Nevertheless, any other possible liability of reporting persons arising from acts or omissions which are unrelated to the reporting or public disclosure or which are not necessary for revealing a breach pursuant to this Directive shall continue to be governed by the applicable Union or national law.

Member States shall provide for effective, proportionate, and dissuasive penalties (Art. 23) applicable to persons who try to hinder or attempt to hinder reporting, retaliate (and bring vexatious proceedings) against reporting persons, or breach the duty of maintaining the confidentiality of the identity of reporting persons. Furthermore, penalties should also be provided for reporting persons that have knowingly reported or publicly disclosed false information.

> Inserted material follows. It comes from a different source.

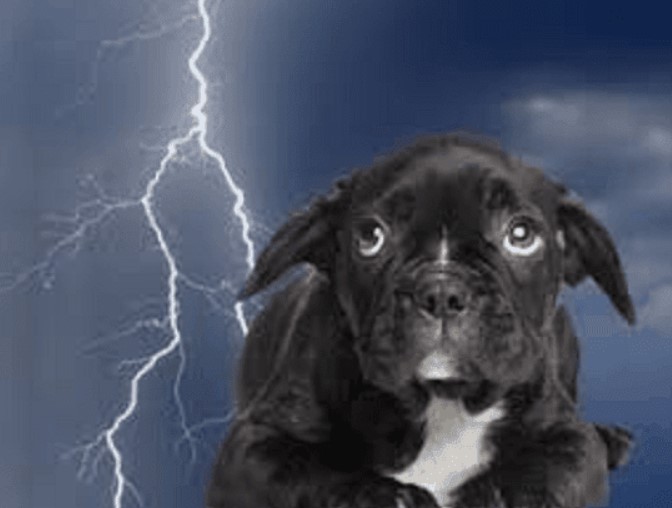 Calm Before the Storm: Strategies for Soothing Your Dog During Thunderous Weather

Lastly, the Directive allows Member States to adopt stronger national whistleblower protection, and it should not constitute ground for a reduction in the level of protection already afforded by Member States (non-regression clause, Art. 25).

Dark sides of the Directive

Transparency International prepared an analysis with several recommendations for improvements. Main issues include:

1. The scope

  • The material scope should include any matter of wrongdoing and potential harm to public interest, covering all breaches of EU and national law. Otherwise, there are some areas of EU and national law that are not covered by the Directive. Limiting the scope in this way would create gaps in the protection, and such uncertainty on its application would surely affect the whistleblowers’ willingness to report.
  • The exclusion of reports and disclosures on matters relating to defense, security, and classified information should also be revised, and specific reporting schemes should be provided, in order to protect public order and national security.

2. Protection measures

  • The protection of whistleblowers should be strengthened, and reporting mechanisms should be improved in order to avoid risk of unfair treatment.
  • There should not be additional penalties for knowingly false reports or disclosure, as similar penalties are already provided by national defamation or criminal laws.
  • Whistleblowers should be entitled to full reparation for all direct, indirect, and future consequences of any detriment, including financial and non financial remedies.

3. Reporting mechanisms

  • Anonymous reports should be accepted too, as potential whistleblowers could refrain from reporting for the fear of negative consequences. Nowadays, there are several solutions to stay in contact with anonymous whistleblowers and Member States should encourage that, as otherwise serious wrongdoing could remain undetected.
  • All entities in the public sector should be obliged to establish internal reporting mechanisms, and the foreseen exceptions should be removed in order to avoid gaps in whistleblower protection.

4. Effective implementation and enforcement

  • There should be a national whistleblower authority in charge of monitoring the enforcement of the legislation, and penalties for breaches of Directive’s obligations should be established.